Do demonstrate collaborative behavior even if your co-parent does not  

Trying to do the right thing when the other person won’t play along can be maddening. At some point, you might consider giving up on the whole idea of co-parenting and concede that you’ll be apologizing to your child for the rest of your life for failing as co-parents. But I implore you to keep going!  

If you’re not sure how to demonstrate collaborative behavior, just focus on treating your co-parent the way you would want to be treated. You may not know how they want to be treated, but you certainly know what you would and wouldn’t want said or written to you. So stick with that.  
After a while, most people find it difficult to continue being mean if you’re always being nice. In my experience what usually happens is the other person begins to reciprocate. They become mindful of their words toward you and release hostility. They focus on being a good parent. And, as a result, you, your co-parent, and your child are likely to find greater peace in your redefined family existence.   

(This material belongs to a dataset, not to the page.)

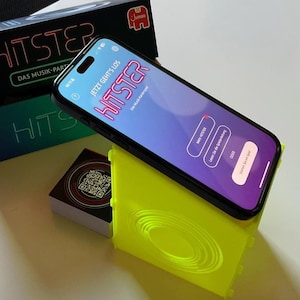 Könnte beinhalten: Ein Smartphone mit der HITSTER-App liegt auf einem leuchtend gelben Ständer. Die App-Oberfläche zeigt das Wort "HITSTER" in pinkfarbenen Neonbuchstaben. Eine Box mit dem Spiel-Logo und ein Kartenspiel sind ebenfalls zu sehen.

 Are there exceptions to what I suggest here? Absolutely! It may be impossible or even dangerous to co-parent with someone who has abused you or your children, has engaged in criminal behavior, or has a substance abuse problem. Your co-parent will need to resolve these issues before collaborative co-parenting will have a good chance of succeeding. If you are faced with these or similar issues, seek professional help for you and your child, and do what you can to encourage your child’s other parent to also get help.